[Exercise description]:
All lines from the one containing "On top is your" through the last line of the listing should be given again exactly, with no pictures.

[Given information]:
++++++++++++++++++++

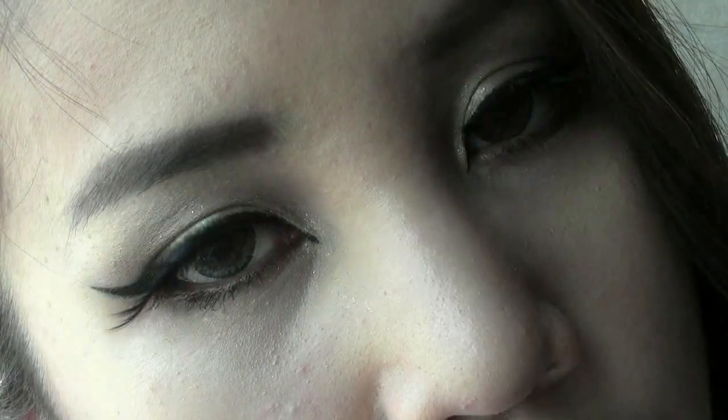Hi guys! CL from 2NE1 came out with her newest single called Nappen Kitsube or Baddest Female. Thanks to my best friend Lucy, I got a very good view of her gorgeous new look. So here it is!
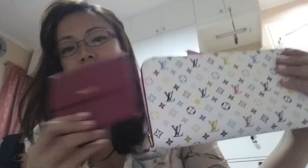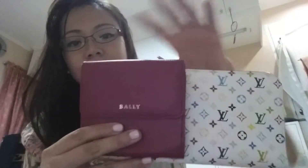On top is your cash compartment where you can put your bills without needing to fold them — that's what I really like about this wallet. It's very handy and very small. Comparing it with my Insulate wallet, it's about half the size.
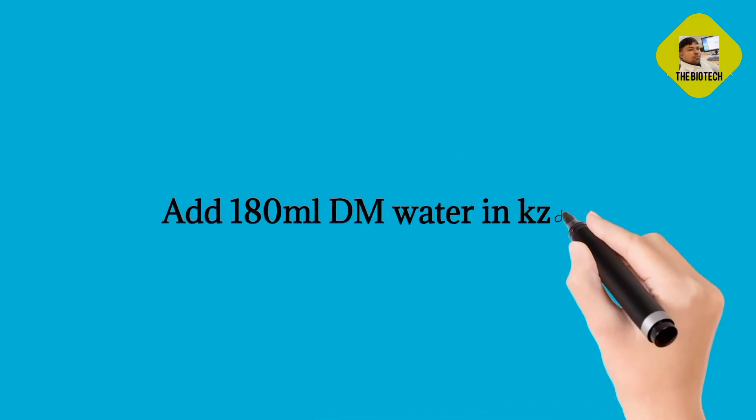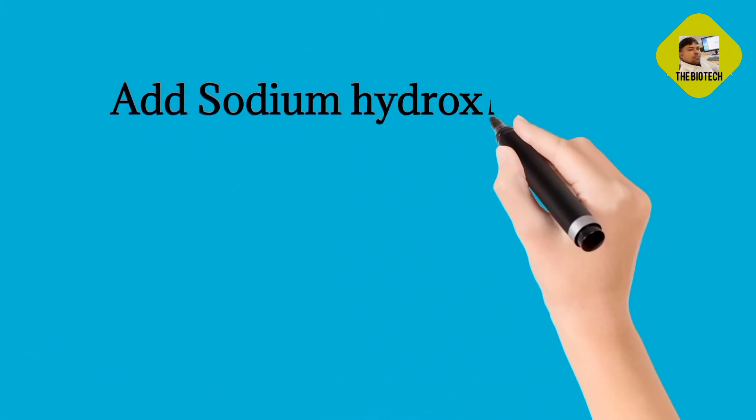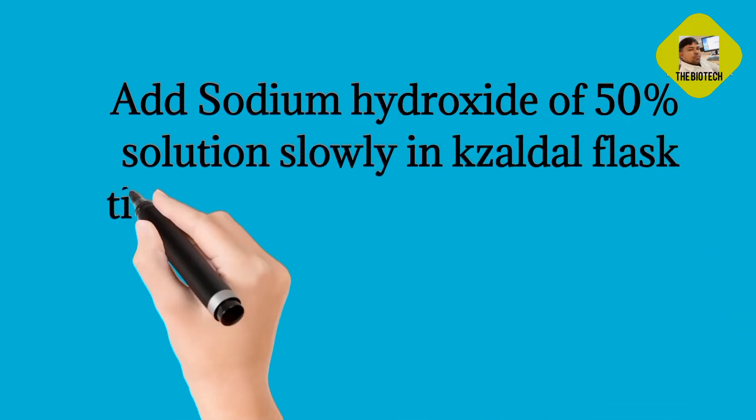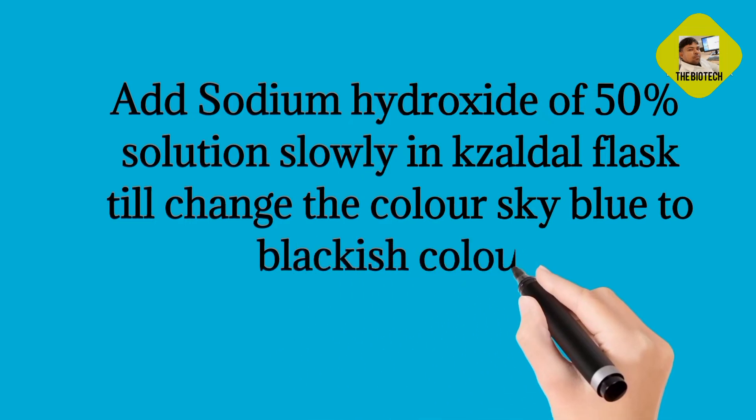Add 180 ml DM water in the Kjeldahl Flask. Then add 50% Sodium Hydroxide solution slowly into the Kjeldahl Flask until the color changes from sky blue to blackish color.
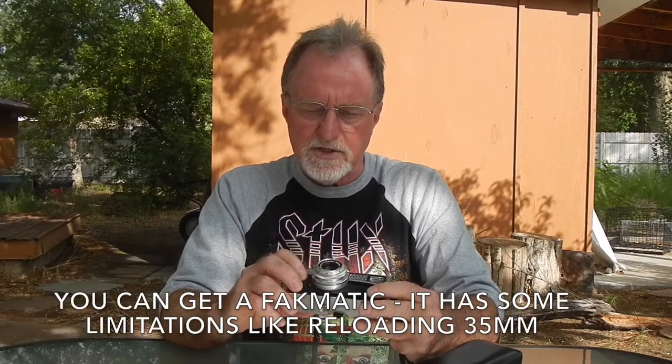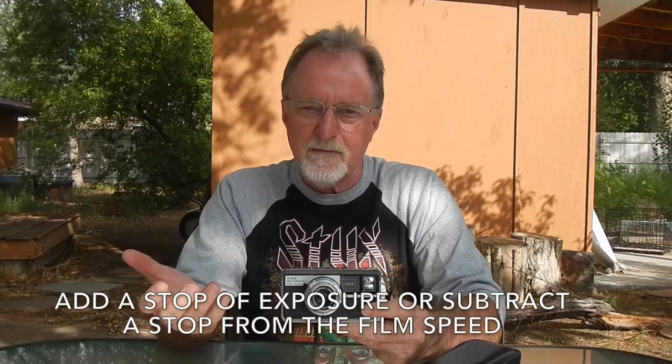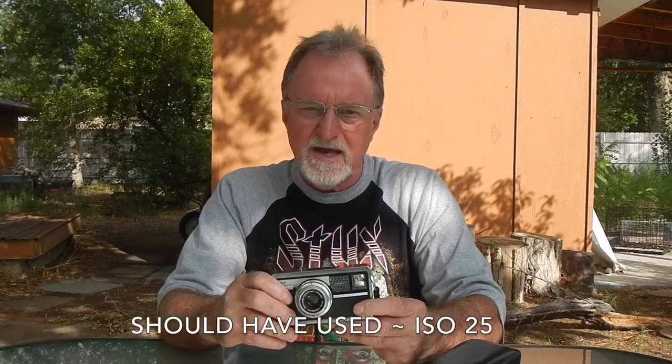I do have some empty cartridges, so I'm going to have to reload and shoot with this again. My test roll was a 12-exposure cartridge of Kodacolor VR ISO 200, but it said develop before 11-1987. I'm using the rough guide where you add a stop for every decade. I only subtracted one stop, shot this at ISO 100, and it wasn't nearly enough. I'll get some reloaded and put more result images over on the blog. I've got a couple shots I need to get to, so I will see you then.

++++++++++++++++++++

[Solution to this task]:
On top is your cash compartment where you can put your bills without needing to fold them — that's what I really like about this wallet. It's very handy and very small. Comparing it with my Insulate wallet, it's about half the size.
Add 180 ml DM water in the Kjeldahl Flask. Then add 50% Sodium Hydroxide solution slowly into the Kjeldahl Flask until the color changes from sky blue to blackish color.
I do have some empty cartridges, so I'm going to have to reload and shoot with this again. My test roll was a 12-exposure cartridge of Kodacolor VR ISO 200, but it said develop before 11-1987. I'm using the rough guide where you add a stop for every decade. I only subtracted one stop, shot this at ISO 100, and it wasn't nearly enough. I'll get some reloaded and put more result images over on the blog. I've got a couple shots I need to get to, so I will see you then.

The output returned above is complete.